→ **Task instructions**
Reproduce the whole of the records exactly, and make sure no picture is carried into the result.

→ **Records supplied**
* * *

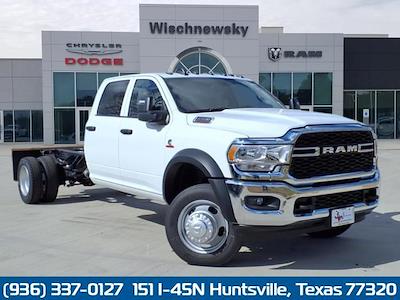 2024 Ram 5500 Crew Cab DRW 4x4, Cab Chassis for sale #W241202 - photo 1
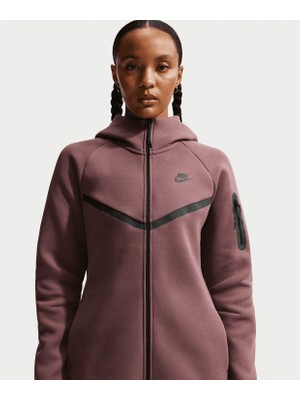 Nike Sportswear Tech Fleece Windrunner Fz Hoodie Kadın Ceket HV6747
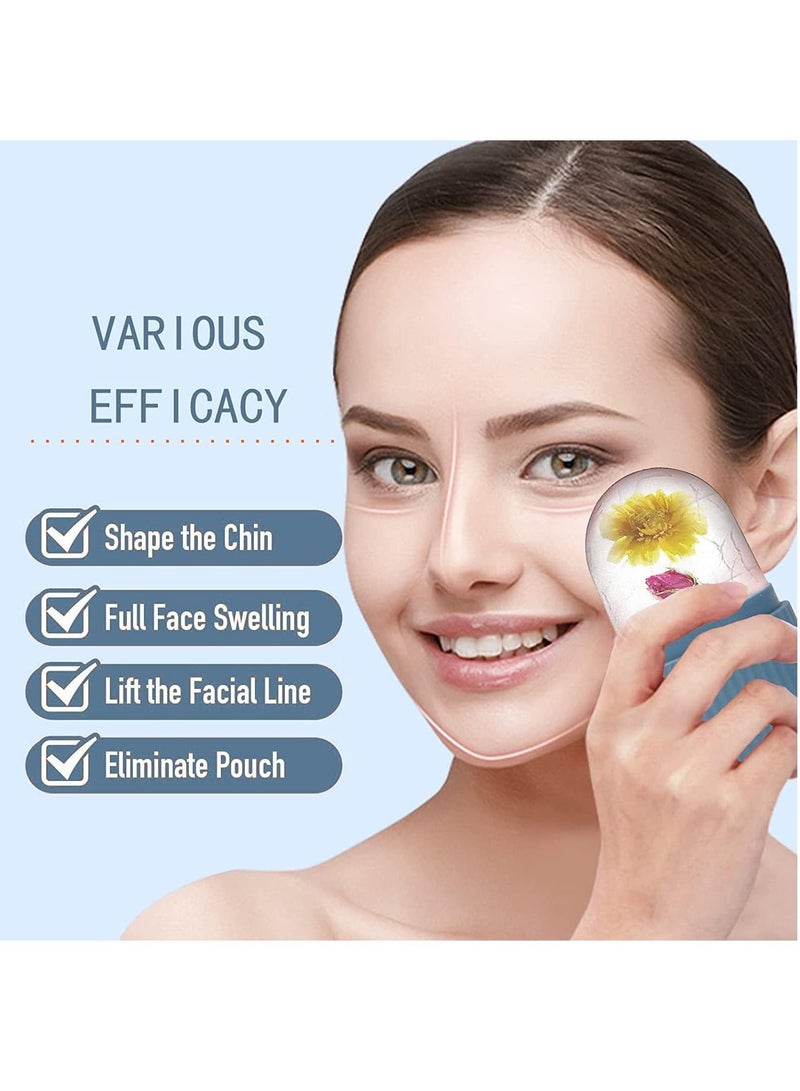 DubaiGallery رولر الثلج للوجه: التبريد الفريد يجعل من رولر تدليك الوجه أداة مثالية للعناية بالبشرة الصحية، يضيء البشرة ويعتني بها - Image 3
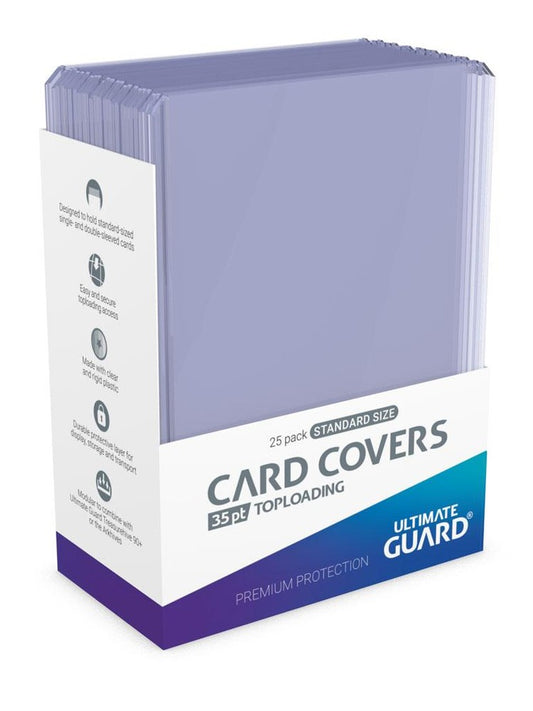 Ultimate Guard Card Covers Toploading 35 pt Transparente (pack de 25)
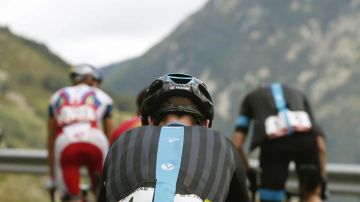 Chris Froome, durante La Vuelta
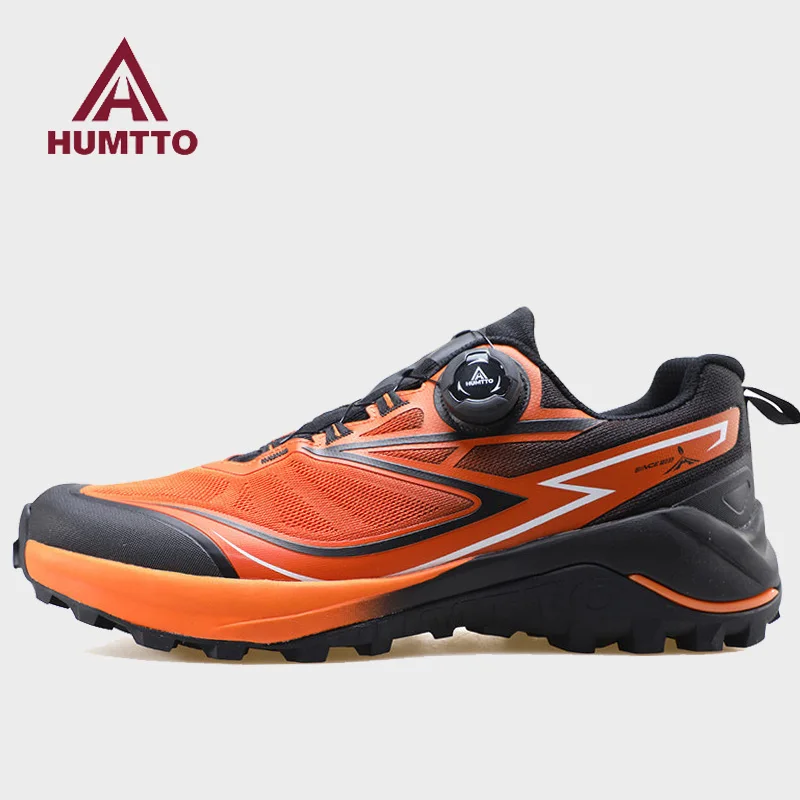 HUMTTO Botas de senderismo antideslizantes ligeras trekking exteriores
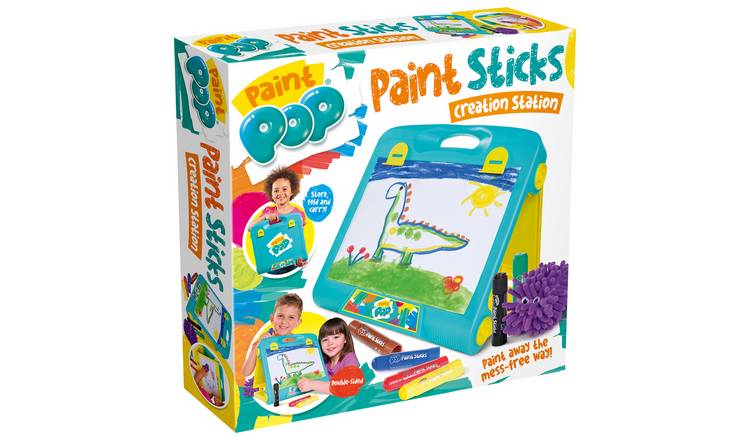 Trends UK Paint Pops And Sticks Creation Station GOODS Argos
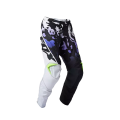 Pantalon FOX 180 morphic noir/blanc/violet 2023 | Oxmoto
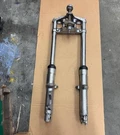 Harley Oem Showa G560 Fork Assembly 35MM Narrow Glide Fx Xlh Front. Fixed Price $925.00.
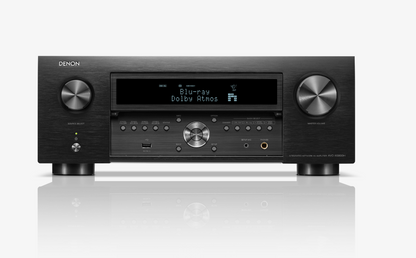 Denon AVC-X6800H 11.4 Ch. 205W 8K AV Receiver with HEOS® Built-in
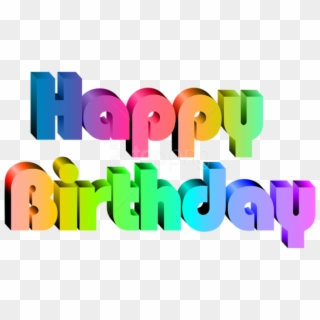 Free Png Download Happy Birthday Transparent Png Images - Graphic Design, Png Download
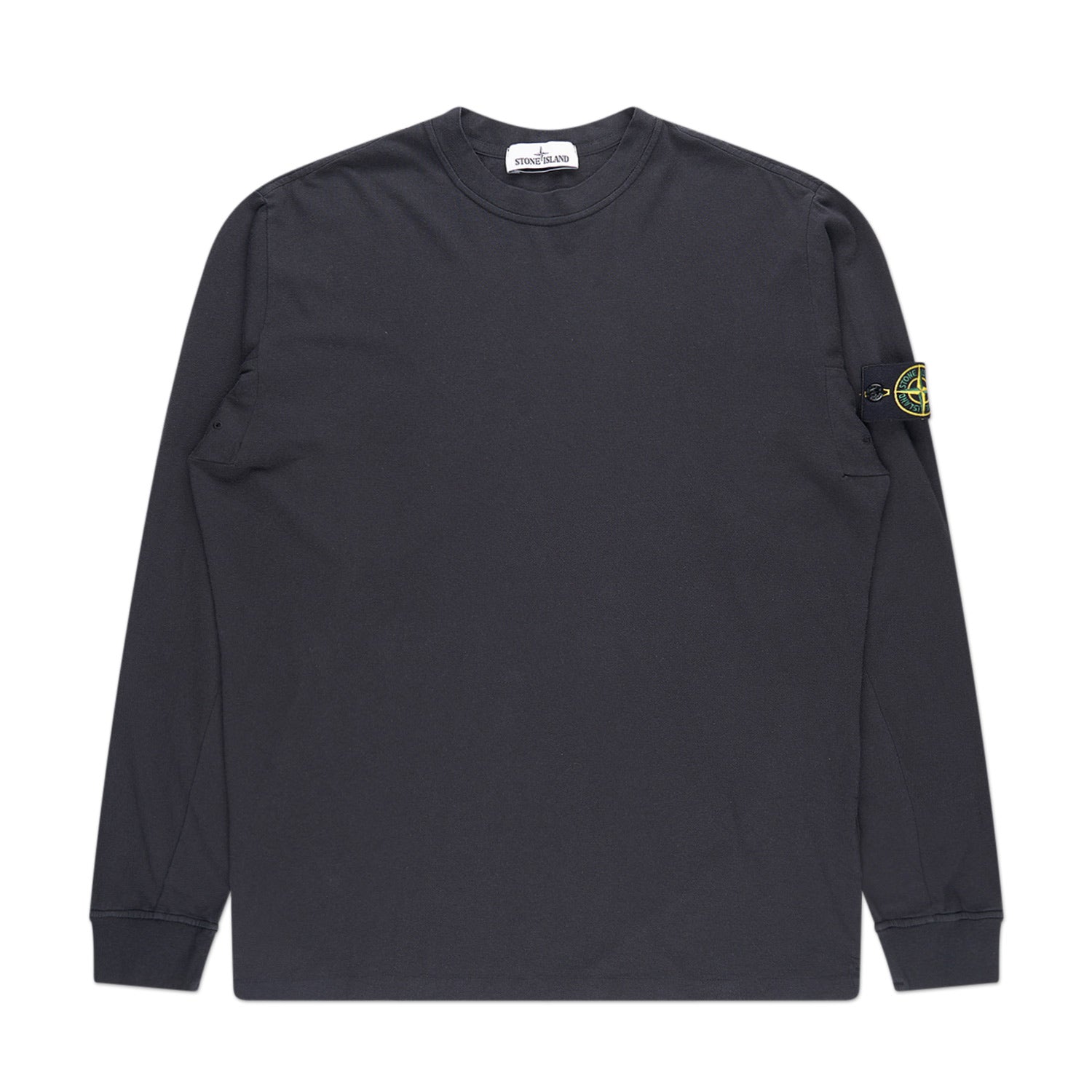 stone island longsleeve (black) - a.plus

* * *

→ **Response box**
 2024 Ram 5500 Crew Cab DRW 4x4, Cab Chassis for sale #W241202 - photo 1
 Nike Sportswear Tech Fleece Windrunner Fz Hoodie Kadın Ceket HV6747
 DubaiGallery رولر الثلج للوجه: التبريد الفريد يجعل من رولر تدليك الوجه أداة مثالية للعناية بالبشرة الصحية، يضيء البشرة ويعتني بها - Image 3
 Ultimate Guard Card Covers Toploading 35 pt Transparente (pack de 25)
 Chris Froome, durante La Vuelta
 HUMTTO Botas de senderismo antideslizantes ligeras trekking exteriores
 Trends UK Paint Pops And Sticks Creation Station GOODS Argos
 Pantalon FOX 180 morphic noir/blanc/violet 2023 | Oxmoto
 Harley Oem Showa G560 Fork Assembly 35MM Narrow Glide Fx Xlh Front. Fixed Price $925.00.
 Denon AVC-X6800H 11.4 Ch. 205W 8K AV Receiver with HEOS® Built-in
 Free Png Download Happy Birthday Transparent Png Images - Graphic Design, Png Download
 stone island longsleeve (black) - a.plus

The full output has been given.